An exact transcription is needed of the lines below from the one with "자궁 2개에 쌍둥이 딸 1명씩 임신한 여성…‘100만분의1 확률’" through the one with "Việt Nam có", with no other lines and no pictures.

_Source data_.
BEGIN

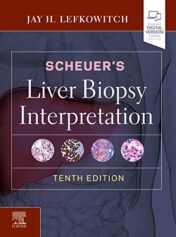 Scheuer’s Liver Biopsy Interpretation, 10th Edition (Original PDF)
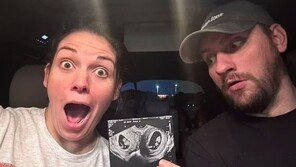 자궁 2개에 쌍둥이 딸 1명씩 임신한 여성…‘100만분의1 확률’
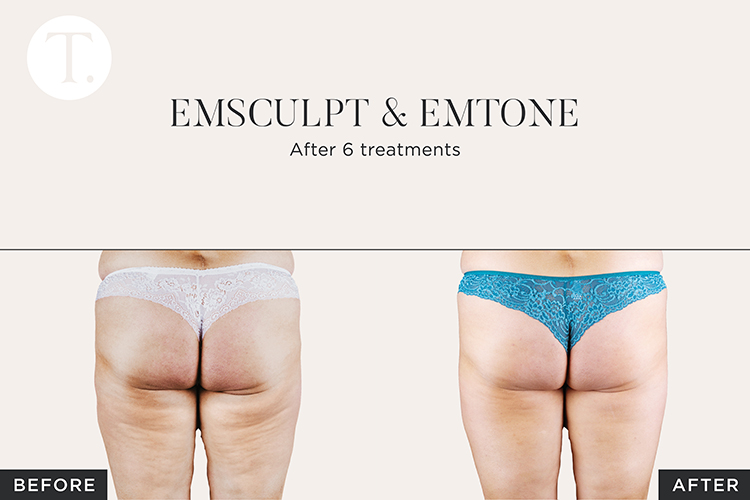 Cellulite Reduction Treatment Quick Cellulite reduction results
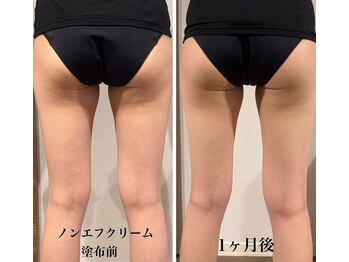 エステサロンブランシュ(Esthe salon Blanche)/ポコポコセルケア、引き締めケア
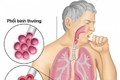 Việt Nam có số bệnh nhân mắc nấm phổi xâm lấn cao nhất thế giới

END
BEGIN

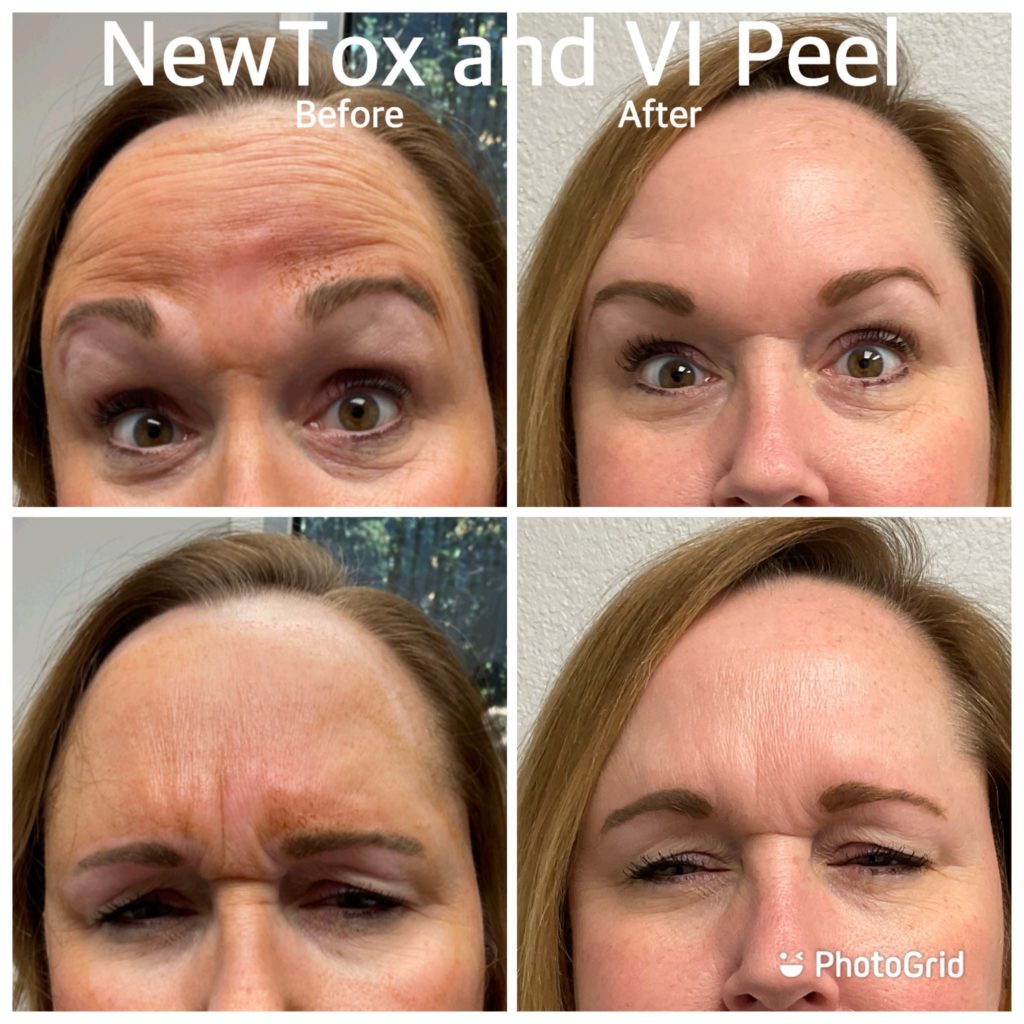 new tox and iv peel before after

END

_Output for this exercise_.
 자궁 2개에 쌍둥이 딸 1명씩 임신한 여성…‘100만분의1 확률’
 Cellulite Reduction Treatment Quick Cellulite reduction results
 エステサロンブランシュ(Esthe salon Blanche)/ポコポコセルケア、引き締めケア
 Việt Nam có số bệnh nhân mắc nấm phổi xâm lấn cao nhất thế giới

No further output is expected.